Exercise data:
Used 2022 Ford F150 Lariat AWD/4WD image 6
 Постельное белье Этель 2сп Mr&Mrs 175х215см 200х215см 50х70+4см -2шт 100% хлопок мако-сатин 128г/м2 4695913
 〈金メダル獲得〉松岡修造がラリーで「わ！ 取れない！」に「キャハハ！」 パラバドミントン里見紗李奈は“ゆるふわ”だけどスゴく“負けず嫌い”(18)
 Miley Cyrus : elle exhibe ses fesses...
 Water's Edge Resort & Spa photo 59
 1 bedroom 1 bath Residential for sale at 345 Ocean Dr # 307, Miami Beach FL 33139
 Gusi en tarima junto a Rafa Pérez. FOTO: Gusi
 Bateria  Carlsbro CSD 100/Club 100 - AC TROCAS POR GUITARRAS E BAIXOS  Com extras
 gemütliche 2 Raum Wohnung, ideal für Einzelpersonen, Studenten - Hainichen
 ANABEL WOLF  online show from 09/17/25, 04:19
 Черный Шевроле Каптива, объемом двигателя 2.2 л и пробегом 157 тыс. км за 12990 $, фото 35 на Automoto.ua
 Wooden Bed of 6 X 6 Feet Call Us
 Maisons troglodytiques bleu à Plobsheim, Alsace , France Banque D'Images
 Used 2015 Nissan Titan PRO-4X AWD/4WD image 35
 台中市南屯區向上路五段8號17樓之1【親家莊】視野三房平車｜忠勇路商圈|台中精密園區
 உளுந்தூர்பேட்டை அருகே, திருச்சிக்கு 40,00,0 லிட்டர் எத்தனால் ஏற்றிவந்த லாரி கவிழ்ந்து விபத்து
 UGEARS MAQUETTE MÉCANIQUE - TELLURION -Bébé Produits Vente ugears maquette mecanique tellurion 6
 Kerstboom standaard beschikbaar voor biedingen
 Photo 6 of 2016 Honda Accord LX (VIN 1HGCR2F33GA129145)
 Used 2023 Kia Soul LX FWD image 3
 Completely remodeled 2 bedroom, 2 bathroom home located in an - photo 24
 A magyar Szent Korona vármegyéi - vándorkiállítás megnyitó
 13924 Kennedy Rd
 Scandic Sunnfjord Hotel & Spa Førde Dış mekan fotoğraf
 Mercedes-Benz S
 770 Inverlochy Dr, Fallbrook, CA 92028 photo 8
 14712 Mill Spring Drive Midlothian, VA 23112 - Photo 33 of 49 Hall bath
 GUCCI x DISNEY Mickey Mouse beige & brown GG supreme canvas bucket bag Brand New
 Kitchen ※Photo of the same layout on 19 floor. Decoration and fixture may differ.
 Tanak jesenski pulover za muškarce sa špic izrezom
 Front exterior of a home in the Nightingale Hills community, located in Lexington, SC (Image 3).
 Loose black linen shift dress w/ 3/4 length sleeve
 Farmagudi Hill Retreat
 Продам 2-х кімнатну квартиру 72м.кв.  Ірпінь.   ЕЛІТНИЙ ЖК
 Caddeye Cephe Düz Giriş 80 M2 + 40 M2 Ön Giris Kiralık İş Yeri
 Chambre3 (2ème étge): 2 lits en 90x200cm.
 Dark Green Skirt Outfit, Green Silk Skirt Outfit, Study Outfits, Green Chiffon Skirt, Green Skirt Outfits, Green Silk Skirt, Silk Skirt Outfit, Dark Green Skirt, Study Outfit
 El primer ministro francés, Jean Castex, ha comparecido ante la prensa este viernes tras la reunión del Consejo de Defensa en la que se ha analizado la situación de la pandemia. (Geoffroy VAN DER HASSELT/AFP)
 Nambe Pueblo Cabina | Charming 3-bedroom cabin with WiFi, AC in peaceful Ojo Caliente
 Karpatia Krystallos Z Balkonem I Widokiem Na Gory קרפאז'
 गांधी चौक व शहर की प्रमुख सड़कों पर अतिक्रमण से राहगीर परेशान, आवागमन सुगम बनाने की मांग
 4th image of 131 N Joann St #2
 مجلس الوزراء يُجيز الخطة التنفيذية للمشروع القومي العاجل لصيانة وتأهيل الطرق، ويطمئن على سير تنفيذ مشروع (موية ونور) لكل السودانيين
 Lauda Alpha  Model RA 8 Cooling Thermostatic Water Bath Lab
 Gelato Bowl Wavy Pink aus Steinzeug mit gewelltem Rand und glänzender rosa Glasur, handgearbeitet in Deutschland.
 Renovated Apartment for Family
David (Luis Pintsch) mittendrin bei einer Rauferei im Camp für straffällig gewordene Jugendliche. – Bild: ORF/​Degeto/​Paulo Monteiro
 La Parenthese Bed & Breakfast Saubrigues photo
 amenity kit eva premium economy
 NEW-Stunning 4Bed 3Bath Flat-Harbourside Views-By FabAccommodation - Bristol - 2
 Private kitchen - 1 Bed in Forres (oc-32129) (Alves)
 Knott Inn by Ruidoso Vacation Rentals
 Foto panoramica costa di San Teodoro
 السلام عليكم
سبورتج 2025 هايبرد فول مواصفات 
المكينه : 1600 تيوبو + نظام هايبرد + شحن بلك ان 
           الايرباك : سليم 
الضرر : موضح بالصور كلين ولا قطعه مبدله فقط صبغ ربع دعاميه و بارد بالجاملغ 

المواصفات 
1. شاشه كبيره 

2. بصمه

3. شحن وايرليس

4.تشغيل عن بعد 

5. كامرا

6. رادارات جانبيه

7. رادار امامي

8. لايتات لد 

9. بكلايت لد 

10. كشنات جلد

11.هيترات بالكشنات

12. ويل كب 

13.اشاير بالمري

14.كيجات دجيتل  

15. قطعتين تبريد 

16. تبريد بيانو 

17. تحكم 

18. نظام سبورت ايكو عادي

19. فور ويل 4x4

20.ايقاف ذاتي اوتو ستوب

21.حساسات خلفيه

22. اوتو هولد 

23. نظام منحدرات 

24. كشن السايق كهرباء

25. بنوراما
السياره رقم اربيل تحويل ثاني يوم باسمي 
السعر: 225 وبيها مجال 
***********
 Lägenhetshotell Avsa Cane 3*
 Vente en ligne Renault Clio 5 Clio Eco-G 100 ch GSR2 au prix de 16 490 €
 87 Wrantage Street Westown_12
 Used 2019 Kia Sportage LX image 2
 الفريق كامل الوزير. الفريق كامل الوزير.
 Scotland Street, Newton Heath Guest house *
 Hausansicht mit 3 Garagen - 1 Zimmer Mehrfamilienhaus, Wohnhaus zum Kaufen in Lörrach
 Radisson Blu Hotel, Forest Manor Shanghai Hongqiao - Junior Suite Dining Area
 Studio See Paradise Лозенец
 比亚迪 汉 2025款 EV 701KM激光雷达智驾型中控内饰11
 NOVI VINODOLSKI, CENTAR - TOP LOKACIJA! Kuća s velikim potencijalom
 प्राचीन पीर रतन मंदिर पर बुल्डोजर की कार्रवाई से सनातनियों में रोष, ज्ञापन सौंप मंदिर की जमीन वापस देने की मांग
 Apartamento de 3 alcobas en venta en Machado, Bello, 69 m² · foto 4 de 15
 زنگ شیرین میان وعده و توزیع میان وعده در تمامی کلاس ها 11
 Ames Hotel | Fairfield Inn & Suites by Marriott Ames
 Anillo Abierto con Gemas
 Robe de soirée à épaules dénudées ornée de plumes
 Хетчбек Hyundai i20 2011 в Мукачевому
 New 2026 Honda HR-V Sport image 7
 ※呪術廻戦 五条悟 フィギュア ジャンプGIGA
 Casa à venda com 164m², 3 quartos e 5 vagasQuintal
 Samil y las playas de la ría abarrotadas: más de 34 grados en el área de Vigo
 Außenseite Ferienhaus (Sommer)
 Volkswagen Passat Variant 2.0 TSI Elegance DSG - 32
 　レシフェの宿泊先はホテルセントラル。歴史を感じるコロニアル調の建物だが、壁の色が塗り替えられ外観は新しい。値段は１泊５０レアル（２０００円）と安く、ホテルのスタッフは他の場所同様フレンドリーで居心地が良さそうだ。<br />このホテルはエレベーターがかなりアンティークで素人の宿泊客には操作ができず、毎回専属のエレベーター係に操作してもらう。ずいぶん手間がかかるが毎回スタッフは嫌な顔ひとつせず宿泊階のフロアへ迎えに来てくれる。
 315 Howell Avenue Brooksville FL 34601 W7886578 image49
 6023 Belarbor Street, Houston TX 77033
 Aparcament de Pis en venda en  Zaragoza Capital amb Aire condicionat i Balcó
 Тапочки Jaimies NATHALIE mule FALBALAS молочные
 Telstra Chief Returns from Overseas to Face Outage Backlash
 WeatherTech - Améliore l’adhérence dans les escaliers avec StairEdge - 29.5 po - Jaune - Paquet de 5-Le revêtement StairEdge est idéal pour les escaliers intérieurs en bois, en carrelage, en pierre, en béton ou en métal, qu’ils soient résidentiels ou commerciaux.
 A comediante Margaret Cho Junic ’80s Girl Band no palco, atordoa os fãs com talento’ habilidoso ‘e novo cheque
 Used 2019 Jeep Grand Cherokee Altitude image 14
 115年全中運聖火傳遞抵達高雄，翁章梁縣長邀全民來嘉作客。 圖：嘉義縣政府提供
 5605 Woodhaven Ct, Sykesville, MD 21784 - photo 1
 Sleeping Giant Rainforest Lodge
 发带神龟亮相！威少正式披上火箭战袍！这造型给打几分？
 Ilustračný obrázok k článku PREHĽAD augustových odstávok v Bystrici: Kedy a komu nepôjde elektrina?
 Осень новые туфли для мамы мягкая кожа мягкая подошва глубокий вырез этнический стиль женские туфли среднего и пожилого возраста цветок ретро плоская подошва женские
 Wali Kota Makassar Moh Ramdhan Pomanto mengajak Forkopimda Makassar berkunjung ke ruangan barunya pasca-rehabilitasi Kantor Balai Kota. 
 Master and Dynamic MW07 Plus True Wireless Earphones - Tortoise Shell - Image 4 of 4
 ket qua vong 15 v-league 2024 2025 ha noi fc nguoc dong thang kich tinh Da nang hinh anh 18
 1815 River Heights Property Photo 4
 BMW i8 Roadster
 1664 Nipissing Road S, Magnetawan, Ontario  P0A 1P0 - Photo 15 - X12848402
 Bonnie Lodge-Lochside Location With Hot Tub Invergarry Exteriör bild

Exercise goal:
Everything from the line with "Chambre3 (2ème étge): 2 lits en 90x200cm." through the line with "4th image of 131 N Joann St #2" should be written out exactly as it appears above, end lines included, and nothing outside that range.

Task output:
 Chambre3 (2ème étge): 2 lits en 90x200cm.
 Dark Green Skirt Outfit, Green Silk Skirt Outfit, Study Outfits, Green Chiffon Skirt, Green Skirt Outfits, Green Silk Skirt, Silk Skirt Outfit, Dark Green Skirt, Study Outfit
 El primer ministro francés, Jean Castex, ha comparecido ante la prensa este viernes tras la reunión del Consejo de Defensa en la que se ha analizado la situación de la pandemia. (Geoffroy VAN DER HASSELT/AFP)
 Nambe Pueblo Cabina | Charming 3-bedroom cabin with WiFi, AC in peaceful Ojo Caliente
 Karpatia Krystallos Z Balkonem I Widokiem Na Gory קרפאז'
 गांधी चौक व शहर की प्रमुख सड़कों पर अतिक्रमण से राहगीर परेशान, आवागमन सुगम बनाने की मांग
 4th image of 131 N Joann St #2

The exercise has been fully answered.